For procurement professionals, understanding this broader context is important. The tools and frameworks being developed by leading cities like Philadelphia will increasingly become standard practice across the public sector — and they're already influencing private-sector procurement norms as well.
Practical Steps for Procurement Teams Looking to Replicate This Approach
If Philadelphia's initiative resonates with you and you're looking to bring similar thinking to your own procurement program, here's a practical roadmap:
Conduct a Vendor Diversity Audit
Start by understanding your current vendor base. What percentage of your contracts go to small businesses? To minority-owned or women-owned firms? To local vendors? If you don't have this data, collecting it is your first step. You can't improve what you don't measure.
Review Your RFP Templates for Accessibility
Look critically at your standard RFP templates. Are they unnecessarily complex? Do they include requirements — like years of experience or minimum revenue thresholds — that may be screening out qualified small vendors? Consider creating tiered procurement processes where smaller contracts have simplified requirements appropriate for smaller vendors.
Invest in Vendor Outreach Before Solicitations Launch
The most competitive procurements attract the most qualified vendors. But attracting qualified vendors requires proactive outreach, not just passive posting on a procurement portal. Consider hosting informational sessions, partnering with local business associations, and publishing advance notices of upcoming solicitations to give smaller firms time to prepare.
Build Evaluation Criteria That Reward Local and Small Business Participation
If supporting small and local businesses is a genuine priority, make sure your evaluation criteria reflect that. Explicitly weighting local presence, small business status, or community impact in your scoring rubric sends a clear signal to the market and ensures your stated values align with your actual decisions.
Use Technology to Streamline the Process for Everyone
Complex procurement processes are burdensome not just for vendors but for procurement teams as well. Leveraging technology — from e-procurement platforms to AI-assisted tools like CreateYourRFP — can help reduce administrative burden, improve the quality and consistency of your solicitations, and free up your team to focus on the strategic, relationship-building work that truly drives vendor diversity.
Conclusion: Procurement as a Tool for Community Investment
Philadelphia's Capital Programs Office has offered the procurement community a compelling model for how public agencies can use the RFP process not just to buy goods and services, but to actively shape the economic landscape of their communities.

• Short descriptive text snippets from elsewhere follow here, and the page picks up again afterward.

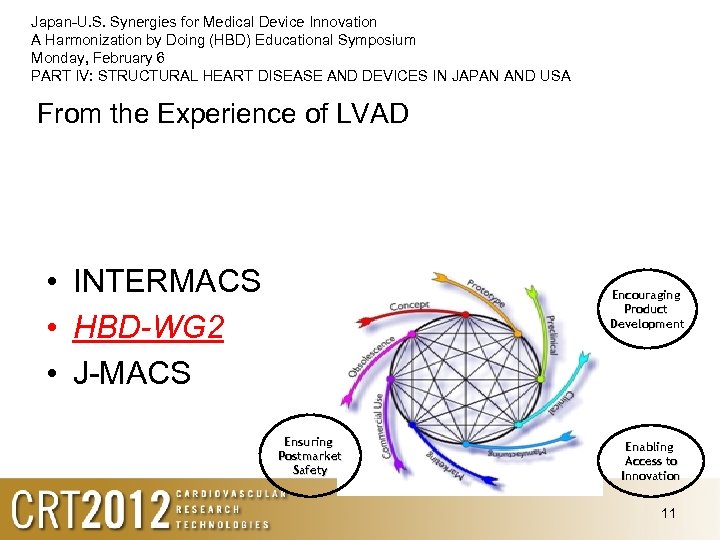 Japan-U. S. Synergies for Medical Device Innovation A Harmonization by Doing (HBD) Educational Symposium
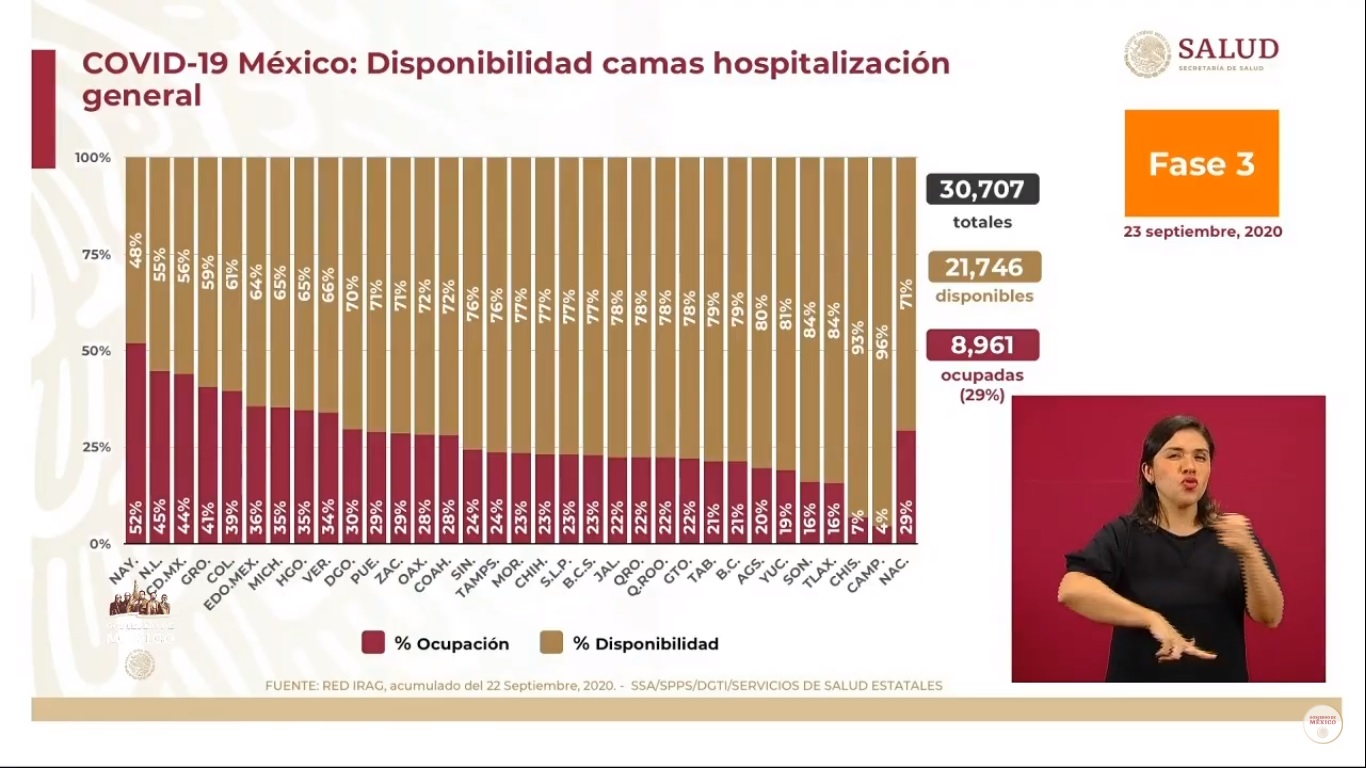 En las últimas 24 horas se registraron 4 mil 786 casos nuevos y 601 muertes por COVID-19 - disponibilidad-de-camas-generales-ante-covid-19-al-23-de-septiembre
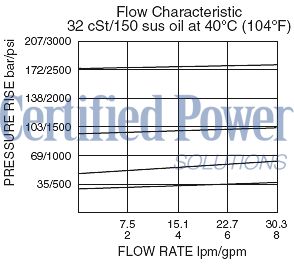 https://www.hydraforce.com/globalassets/product-images/rv08-22_flow-pressure2022-02-24.gif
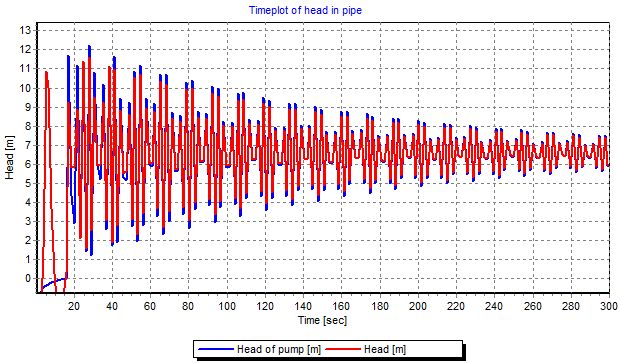 Timeplot of head in pipe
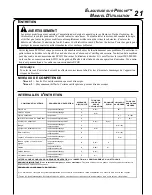 Preview for 93 page of Echo Power Pruner PPT-300ES Operator'S Manual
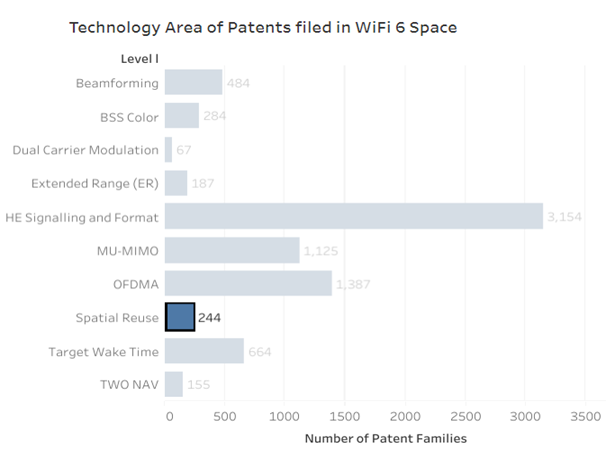 Top technologies of WiFi 6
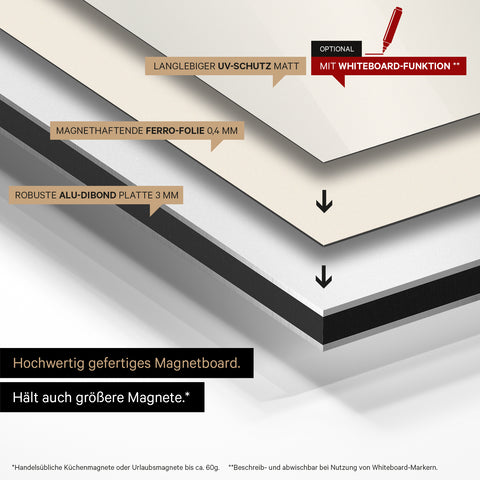 Mappa Svizzera magnetica TRAVEL® Magnetboard – Verde oliva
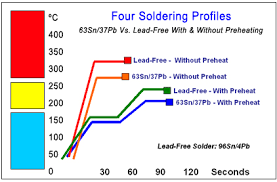 lead free soldering and no lead rework for pcbs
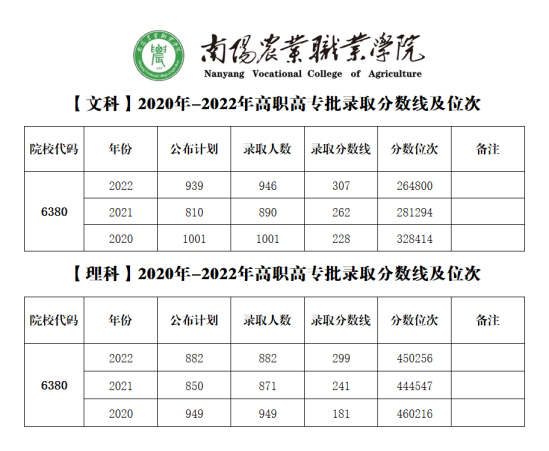 2022南阳农业职业学院录取分数线（含2020-2021历年）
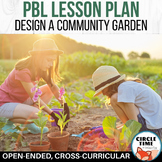 Project Based Learning, Design a Community Garden, PBL Les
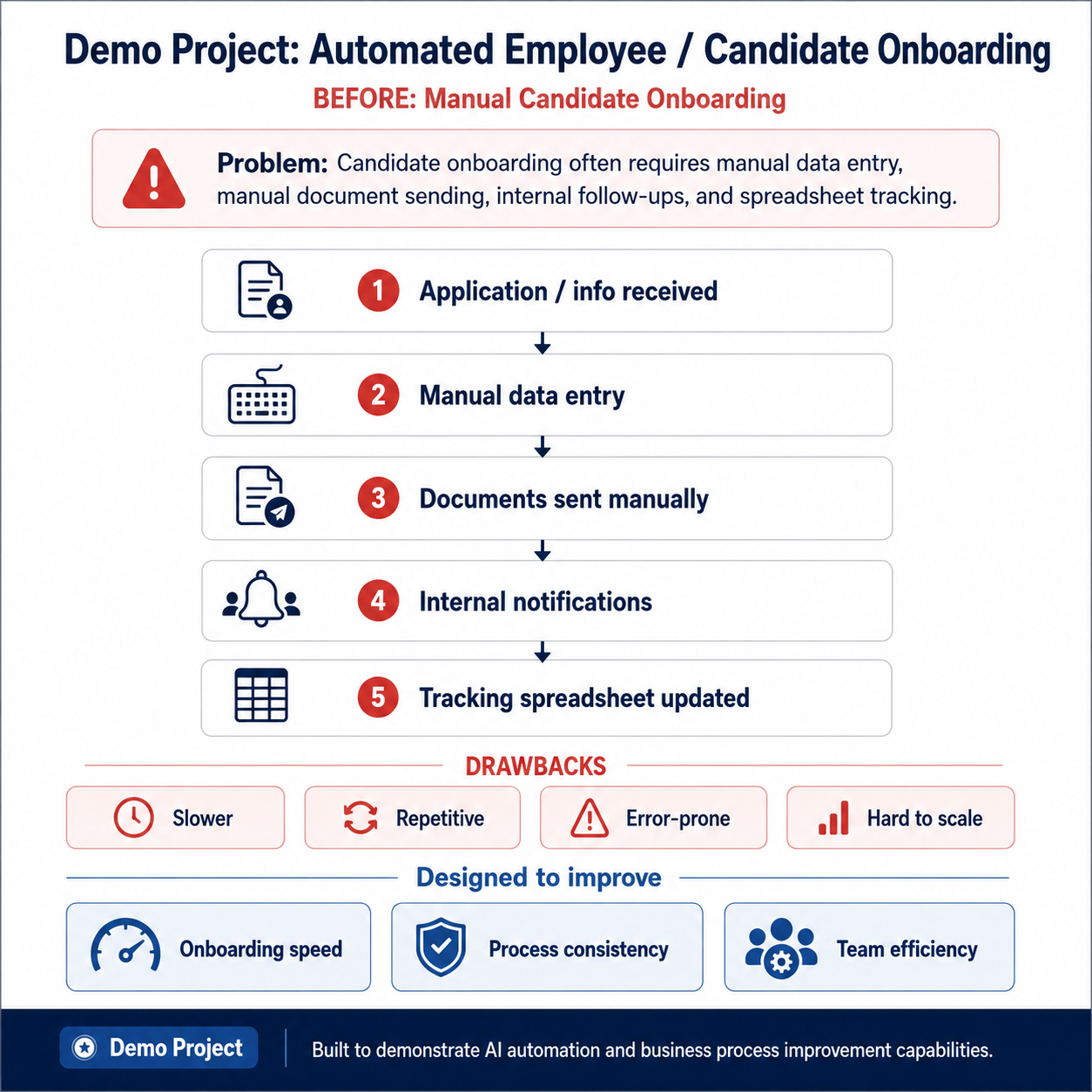Manual candidate onboarding workflow before automation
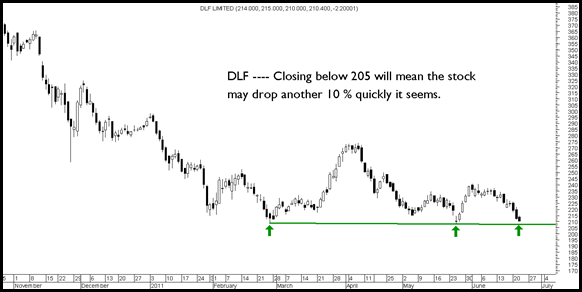 dlf dlf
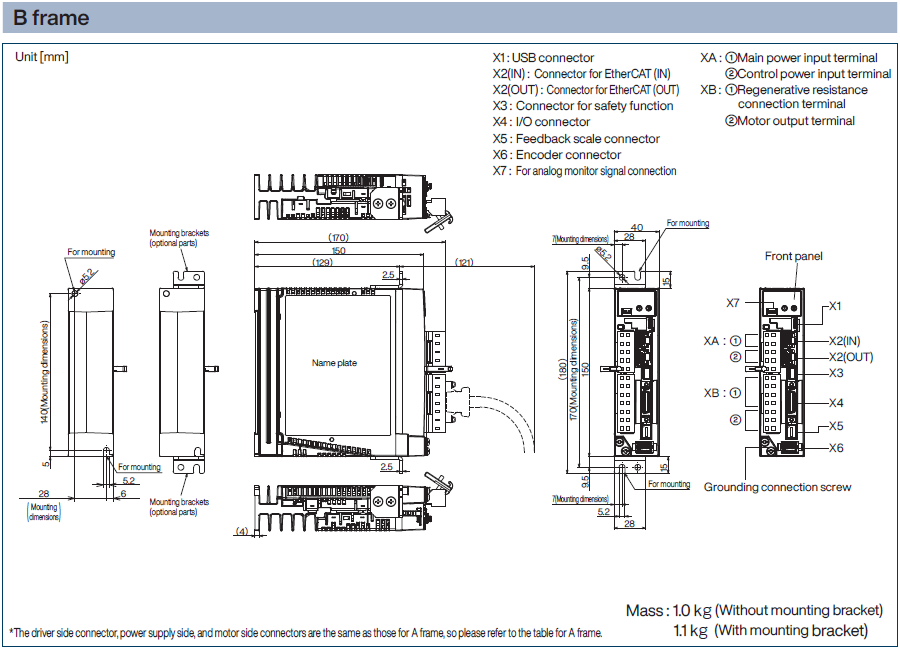 B frame Dimensions of Driver
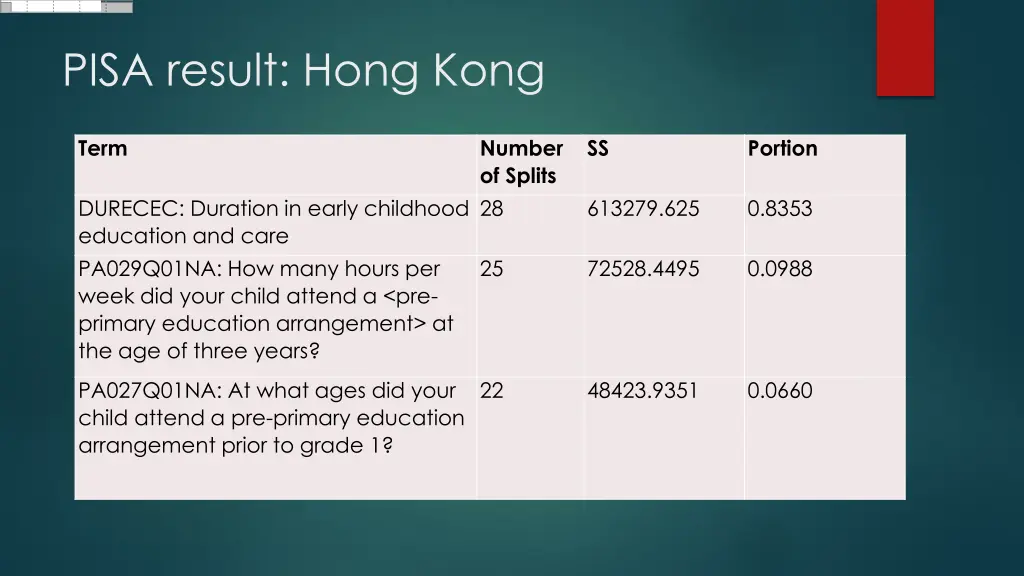 pisa result hong kong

For procurement professionals, the lesson is clear: the decisions you make at every stage of the procurement cycle — how you write your RFPs, how you evaluate proposals, how you develop your vendor base — have real consequences for real businesses and real communities. Approaching that responsibility with intentionality and creativity can transform procurement from a back-office function into a genuine engine for economic equity.
For small and local firms, initiatives like this represent a meaningful opportunity. Engaging with these programs, pursuing certifications, building proposal-writing capability, and investing in relationships with procurement teams can open doors that might otherwise remain closed.
The work of building a more inclusive, resilient local economy is ongoing. But every well-designed RFP — and every small firm that wins a contract it might otherwise have lost — is a step in the right direction.